John Cohen was always looking to connect. He was a person in search of something, always. And he managed to find it even if he didn’t know what he was searching for. I’m the same way. That’s how we found each other. He died yesterday at 87, but he already seemed old when we met. Maybe because I was so young.

I was a beat reporter at the time. I met him at a town board meeting. I had no idea who this white-haired, bearded man with a guitar was. I just knew he wanted to sing a protest song at the meeting, in a town where the environmental laws were much better than the measures taken to enforce them. The board had “important business” to discuss so they told him to sit down. I knew I wasn’t supposed to get involved, but it’s the one time in my career as a journalist that I interfered in the event I was covering. I insisted that they let him play, and they did. In the parking lot afterward, we stood together and he thanked me. He invited me to his house. I went.

His house was filled with books, woodstoves, musical instruments and famous photographs of people like Bob Dylan, Jerry Garcia and a generation of Beat Poets.

“I love these pictures,” I said.

“I took them,” he responded.

He even took the dreamy photograph of Bob Dylan and Suze Rotolo on the cover of the album The Freewheelin’ Bob Dylan. How did he know all of these people — much less capture them in such raw candids? John was a founding member of The New Lost City Ramblers, a musicologist and brother-in-law of Pete Seeger. He was a little bit older than the relatively unknown musicians and poets he befriended. They looked up to him and he taught and inspired them.

John took me as his plus-one to see the Martin Scorcese documentary, No Direction Home. It was on that night that I met Ric Ocasek, who also died this week. I was the only person in attendance who wasn’t Leonardo DeCaprio level famous.

“Yet,” John laughed. “Get on the red carpet.”

Aside from Bob Dylan, John was the most interviewed person in the film. He didn’t mention any of this at dinner beforehand, when we ate raw oysters on the halfshell with horseradish.

“I’ve never had a raw oyster in my life!” he said.

He was full of life. He came to my house and we played music and sang. In those days I sang all the time, and fortunately for me, I can also play all musical instruments, just not the way they are meant to be played. John didn’t care. We improvised, and we made some great music together. I spent entire nights like this, picking up anything that would make a sound and playing along with him. I listened to his many stories. He was a supporter of my writing and creativity, and in him, I found a kindred spirit. The world was an endless source of mystery and creativity for him. He inspired me to travel.
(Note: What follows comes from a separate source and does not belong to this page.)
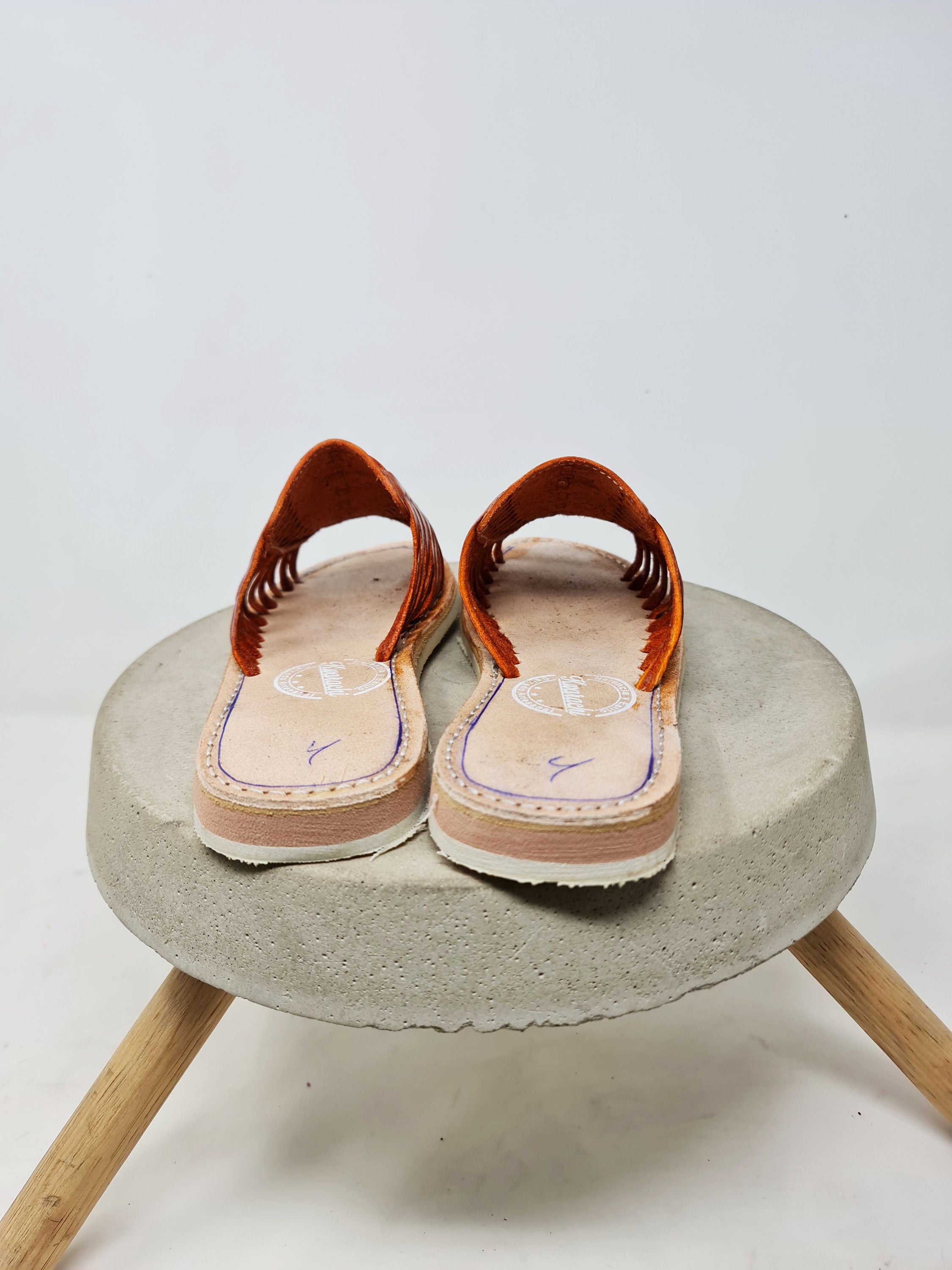 Women's backless huaraches. Leather sandals made in Mexico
As John and I became friends, I learned more about his work, like how he had been returning to Peru for half a century to take photographs. From the publisher’s description of his book: John Cohen is a photographer, musician and filmmaker who has cultivated a fifty-year long fascination with the people, cultures and landscape of Peru. Cohen took his first photographs in Peru in 1956 and has returned many times since to continue documenting, adding musical and film recordings to his still images. Cohens photographs, stored for years in boxes in a barn near his home, and the music, today archived at the Smithsonian Institute, have not been published in their entirety until now. Past Present Peru combines photographs, textiles, music and film in an ambitious book object. The photographs are for Cohen a fragmented collection of visual insights, a record of deepening awareness that depicts the diversity of Peruvian life including religious festivals, potato farming, and the recent introduction of hydroelectricity. The textiles, reproduced in luscious colour, embody pre-Columbian craft traditions more than 5,000 years old. Cohen began recording music in Peru in 1964, using a portable tape recorder to capture performances wherever he could: at festivals, in villagers homes, even waiting at a bus stop. Cohen’s films are about a sense of things that werent expressed in words, and are themselves a unique historical record.
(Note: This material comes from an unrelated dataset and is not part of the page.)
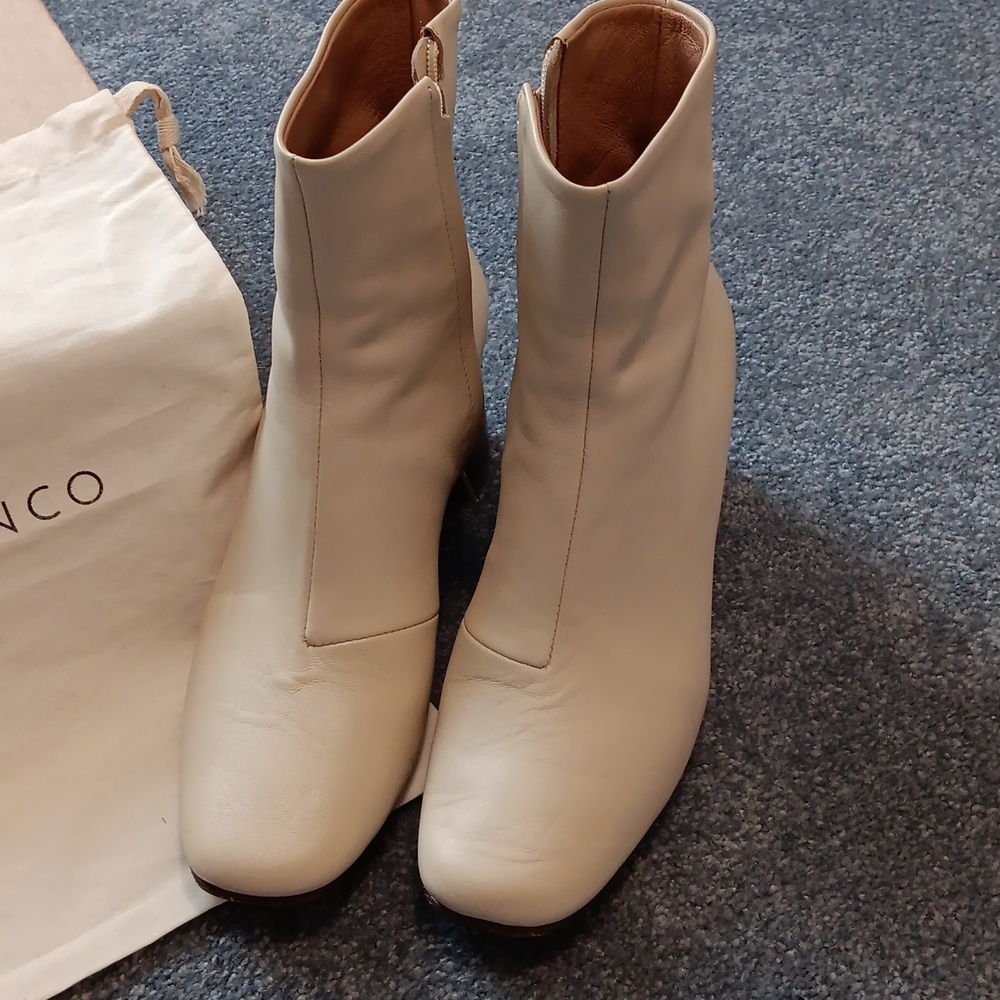 Huma Blanco booties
I never forgot John’s comment about how Peruvian shamans didn’t used to wear wristwatches, and how strange it was to see shamans he once photographed as small children.

I learned a lot of what I know about time, space and art from John Cohen, once a stranger who wanted to sing a protest song at a meeting, to fight against environmental abuses and bureaucratic malfeasance. I’m so happy that I said yes to his invitation, and so sorry to see him leave our world.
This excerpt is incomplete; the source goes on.